The following is the Letter from the Editor featured in Issue 001 of The Reprise. The full magazine can be found at inesmeow.com/magazine.

It must be wildly infuriating for those who have grueled in the publishing and literary industries to watch people like me play at participating while ignoring rules and unspoken etiquette, assuming a right to be here. As a stranger to the “industry,” what right have I to evaluate works and curate what I dare hope is a masterpiece?

Often, I have found myself, at such a young and everything-is-at-your-fingertips age, paralyzed by an inability to take action unless I feel perfectly prepared, qualified, and skilled. This project started with a desire to provide a kind and welcoming platform to artists in all walks of life. For those who’ve never had the privilege of formalizing their art form and making a career of it, and those struggling to find footing amid intimidating barriers to entry. There is only so much time to allow yourself to be beholden to institutional legitimacy before you start actively participating in what’s calling for you.

I refuse to accept that there is one most-correct way to keep your creative life ambitious. Artists without the ‘right’ connections, formal education, or endless time to devote to marketing themselves aren’t any less deserving of an audience. 

Operating within the confines of an automated and capitalized artistic world isn’t the right path for everyone. I never claimed to have a clue; and each of these contributors, from all over the world, wanted to be part of this anyway. What a humbling realization- that there is still room for leaps of faith, even in an overly privatized and safety-istic world. 

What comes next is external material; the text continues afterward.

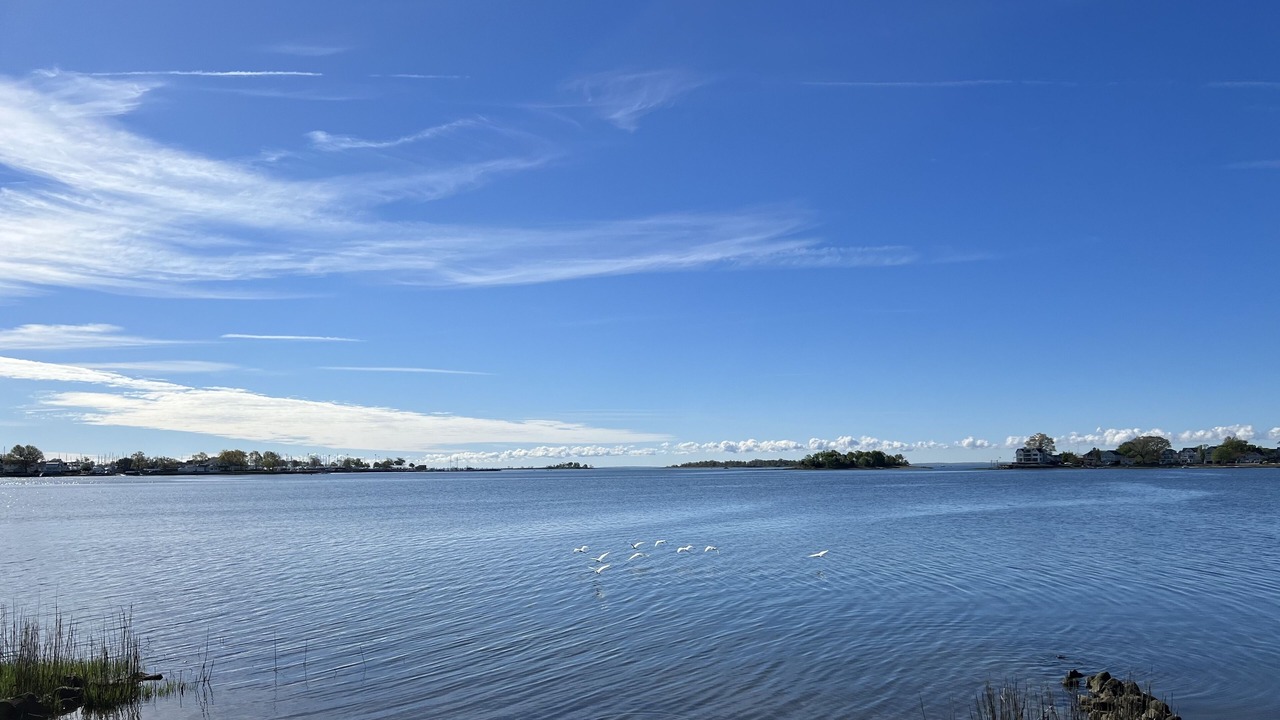 Photo of Others in Norwalk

I’ve learned the relative ease of asking the embarassing and stupid questions and being okay hearing laughter or condescension. I prefer to live in a world where I anticipate things working out. There is no true success without gratitude for each piece of the puzzle that does inevitably fall into place. 

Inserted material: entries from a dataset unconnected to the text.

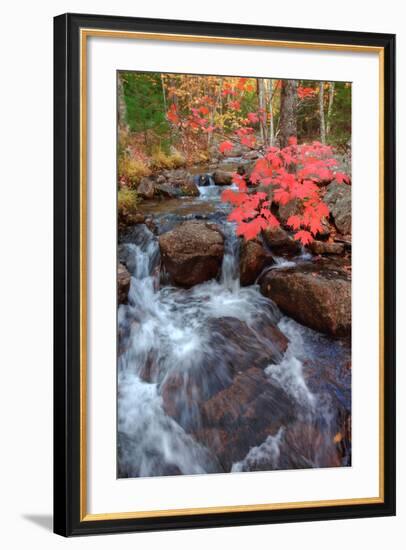 Autumn Stream Through Acadia-Vincent James-Framed Photographic Print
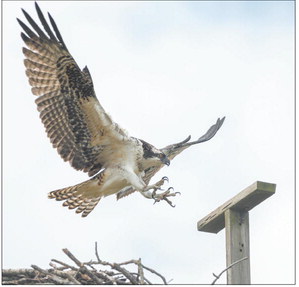 An osprey lands on a nesting platform at the Red-tail Nature Preserve near Muncie. Volunteers with the Red-tail Land Conservancy say the return of the osprey to the area is a success story for the restoration of the preserve. Submitted photo | Mike Mosier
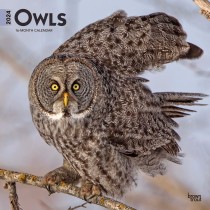 Owls | 2024 12 x 24 Inch Monthly Square Wall Calendar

What I encourage myself and anyone willing to listen, is to come to terms with the fact that, in this life, we are sentenced to freedom. So do we exercise agency? Or do we resign ourselves to outsourcing our values, judgements, ideas, desires, and rules? 

“Reprise” is a word best known in musical contexts as a repeated performance, but it can also be used to describe a recurrence, renewal, or resumption of an action. I wanted to imagine this quarterly as a space for the reprisal of artists’ work. While many of our contributors have consistently been making artwork and writing, there are several who were encouraged to resume their creatvity by the very existence of this opportunity. To our contributors, thank you for your bravery and your willingness to be motivated in your artwork. To our readers, enjoy this anthology with the knowledge that we operate with no thesis of professionalism or conventionality. This is a product of love, community, and gentle aspiration.